Review – Deep Fever Winter Wonderland w/ Henry Wu

Jazz, far from being the the inaccessible music of intellectuals or a relic to be found in your dad’s record collection, is absolutely central to electronic music. It is the point of origin in its grand narrative, which has, over 100 years, taken the genre’s sounds and structures, and moulded them into what we are familiar with today. DJs always testify to this (Gilles Peterson and MCDE have discussed it), and albums like Jan Jelinek’s Loop Finding Jazz Records or 2015’s The Epic by Kamasi Washington (released on Flying Lotus’s Brainfeeder label) prove that jazz forms an essential strand of electronic music’s DNA.

It is quite odd to be opening a review of Deep Fever, a night hopelessly devoted to thumping house, with such a retrospective discussion. But it makes sense when in steps Henry Wu, and Bradley Zero’s record label Rhythm Section, who, through a feverish love of crate digging, retro aesthetics and inventive production, have been forging a jazzy zeitgeist over the past year or two.

Wu specifically is the man of the moment, pretty much ubiquitous on the scene right now. Whether that be as a virtuosic keys player in his Yussef kamaal trio (who set Hifi alight recently), phenomenal producer of tasty jazz-house records or DJ. Deep Fever brought him to Wire as the latter, and, in doing so, coloured the club’s usual darkness with brighter shades from the groovy side of things.
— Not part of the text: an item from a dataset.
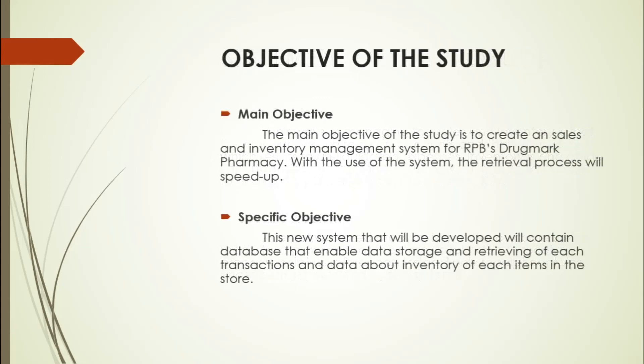Here are the objectives of the study. Our study aims to provide RPB's Drugmark Pharmacy with easier and modern alternatives in their operation which can help implement a good and accurate system. Number one: to create an efficient and user-friendly application.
As incense swirled among the relaxed crowd, Henry Wu cultivated a similarly wonderful, whimsical sound. As well as spinning gnarly deep house to pump up proceedings, there were more nuanced selections. Funkadelic’s (Not Just) Knee Deep elicited an ecstatic response, as did Peven Everett’s ‘Stuck’, and tracks by Kaidi and Herbie Hancock were enough to make you weak at the knees.

If a normal night at Wire is a mammoth, food-coma-inducing Sunday Roast, this was a hearty winter broth: loose, wholesome, and multifarious. At times, it was strange not to get lost in the persistent grooves of a carefully crafted house or techno mix. But who says that is a necessary requirement for a party? Henry Wu was clearly having loads of fun, and, by the end of his set, people started to align and groove with this refreshing approach. Awanto 3’s Pregnant had the place in a gorgeous, meditative state at the close, and, once again, it was clear that the Deep Fever gang had nailed it.